Friedrich Jolly (24 November 1844 – 4 January 1904) was a German neurologist and psychiatrist who was a native of Heidelberg, and the son of physicist Philipp von Jolly (1809–1884).

He studied medicine at Göttingen under Georg Meissner (1829–1905), and in 1867 received his doctorate at Munich. In 1868 he became an assistant to Bernhard von Gudden (1824–1886) and Hubert von Grashey (1839–1914) at the mental institution in Werneck, and in 1870 was an assistant to Franz von Rinecker (1811–1883) at the Juliusspital in Würzburg.

In 1873 Jolly became director of the psychiatric clinic in Strassburg, where he was named as successor to Richard von Krafft-Ebing (1840–1902). In 1890 he succeeded Karl Friedrich Otto Westphal (1833–1890) as director of the neuropsychiatric clinic at the Berlin Charité.

Jolly is remembered for his pioneer research of myasthenia gravis, including the electrophysiological aspects involving abnormal fatigue associated with the disease which forms the basis of Jolly's test.
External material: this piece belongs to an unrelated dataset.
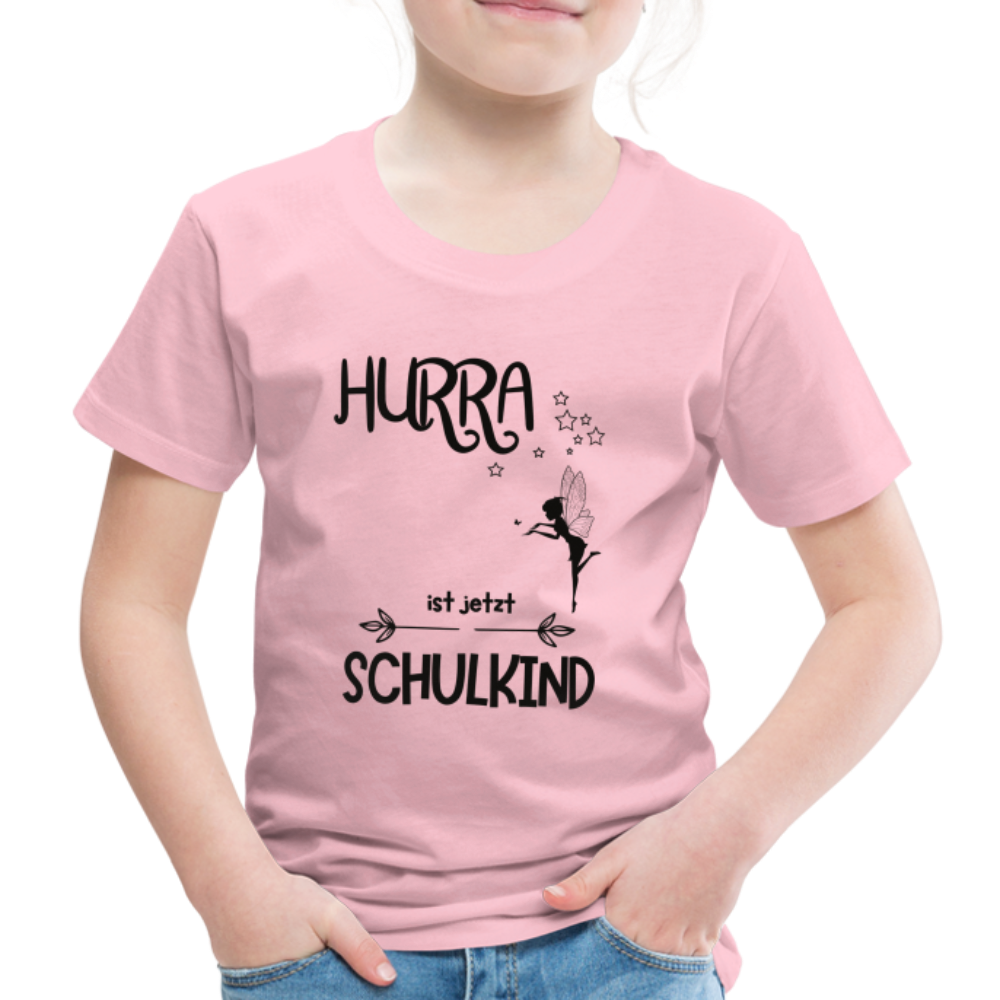 Kinder T-Shirt personalisierbar zum Schulanfang - Fee - Hellrosa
He is credited with coining the term myasthenia gravis pseudoparalytica for the disorder. 

He was the author of an influential treatise on hypochondria that was published in Hugo Wilhelm von Ziemssen's "Handbuch der speciellen Pathologie und Therapie". His "Untersuchungen über den elektrischen Leitungswiderstand des menschlichen Körpers" (1884) was fundamental to the study of electrical diagnostics.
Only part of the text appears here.